Arsons plague rural Eastern Shore of Va.
MELFA, Va. (AP) — On the Eastern Shore of Virginia, flames light up the sky nearly every other night as a string of arsons turns this ordinarily peaceful peninsula into a pyromaniac's playground.
Since Nov. 12, 64 unoccupied structures in Accomack County have been torched, all at night. Nearly a dozen buildings have been burnt in the past week alone.
Just about every other day, the county's 33,000 residents wake up to news reports that another abandoned home, empty barn or dilapidated storage shed has burned to the ground. Sometimes it occurs in an empty field; sometimes it's across from or behind an occupied building. So far, nobody has been injured.
Many residents have resorted to leaving their lights on at night to let the arsonist — or arsonists, as Virginia State Police say is more likely — know the building isn't empty.
"It's teeing off a lot of people, making them mad and upset," Donald Varney said. "It's a serious thing. Eventually somebody's going to get hurt. Somebody has a very good chance of being killed in a situation like this."
As Varney spoke Wednesday, an unoccupied two-story home set ablaze the night before smoldered in a wooded area about a mile away. It was one of two structures set on fire Tuesday night, with the other several miles away. The distance is not uncommon, leading state investigators to believe at least two people are working together.

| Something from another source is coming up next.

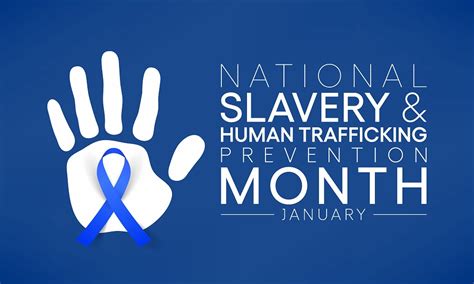 January Is National Human Trafficking Prevention Month Washington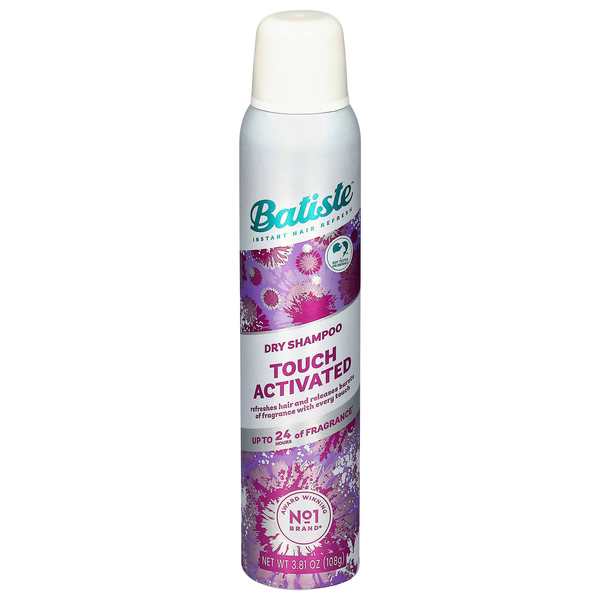 Batiste Touch Activated Dry Shampoo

Varney runs a fishing tackle shop next door to his home on the Eastern Shore, which is sandwiched between the Chesapeake Bay and the Atlantic Ocean and connected to the rest of Virginia by a singular bridge-tunnel and a seasonal ferry. But the shore's glory days as an agricultural, forestry and commercial fishing hub have long passed, and many of the structures being lit on fire are seemingly relics from a more prosperous era a century ago.

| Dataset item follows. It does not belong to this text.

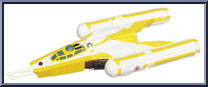Anakin Skywalker to Y-Wing Bomber from Star Wars - Transformers - Crossovers manufactured by Hasbro [Loose]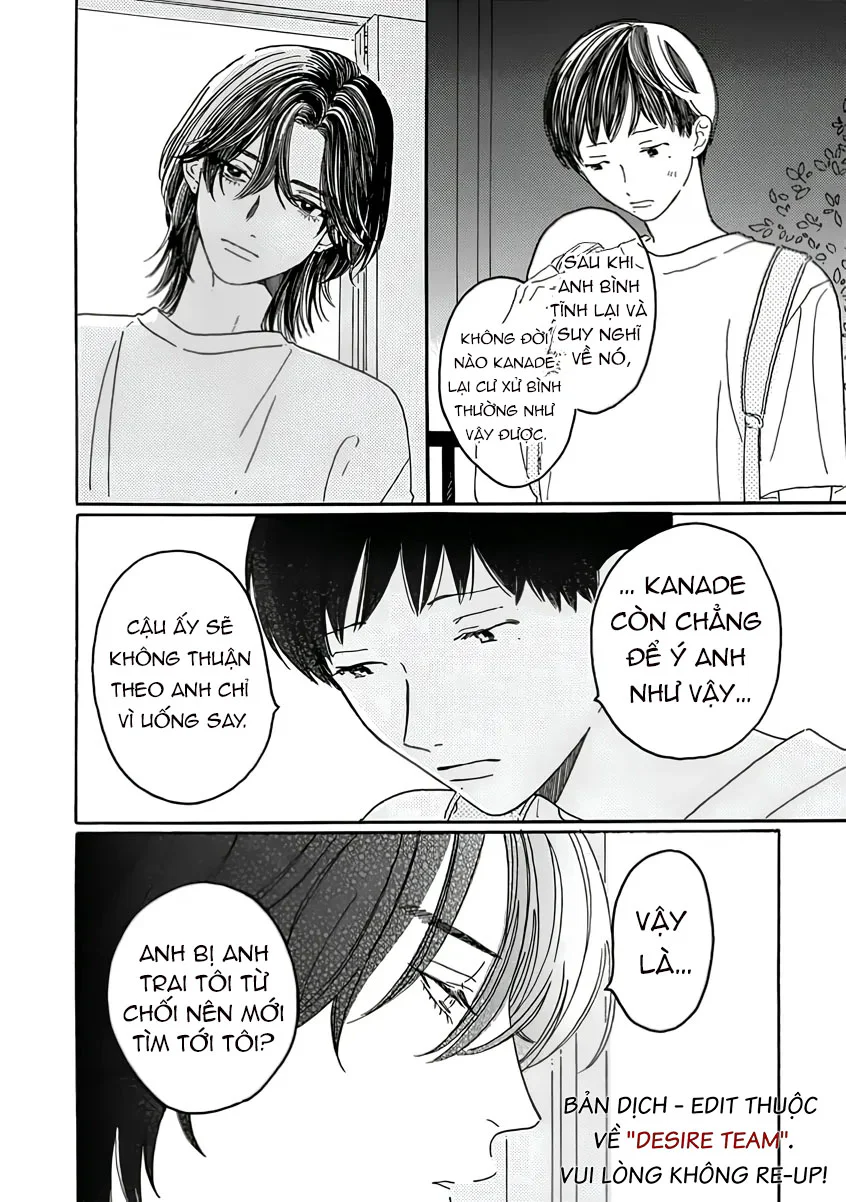 [END] Tôi Vẫn Nhớ Hơi Ấm Trên Làn Da Ấy Chapter 5 Trang 6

Today, only about 200 people in the county that borders Maryland work in the agricultural, fishing, hunting and forestry industry, according to state employment statistics.
One of the few areas of the county that has gone untouched by the fires is the more affluent and tourist-driven Chincoteague Island, where an annual pony swim draws thousands of visitors every year. And for reasons nobody knows, the southern portion of the two-county Eastern Shore has gone unscathed.

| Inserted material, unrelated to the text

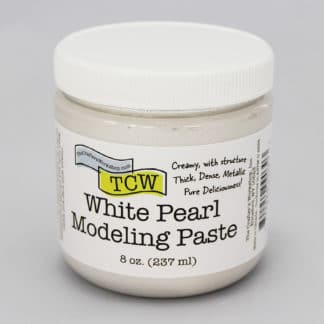 TCW9030 White Pearl Modeling Paste 8 oz.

The Accomack County Sheriff's Office doesn't have an arson investigator on staff, so it turned over the investigation's lead to state police. The county has three dozen firefighters on staff, but it relies largely on about 600 volunteers with day jobs to battle the blazes each night.
Capt. Timothy Reibel said in a statement that state police believe the fires are generally being set an hour or two before they're discovered. Many are set along county's primary and secondary roads, allowing for an easy escape, he said. And in Accomack County, even primary roads aren't major thoroughfares.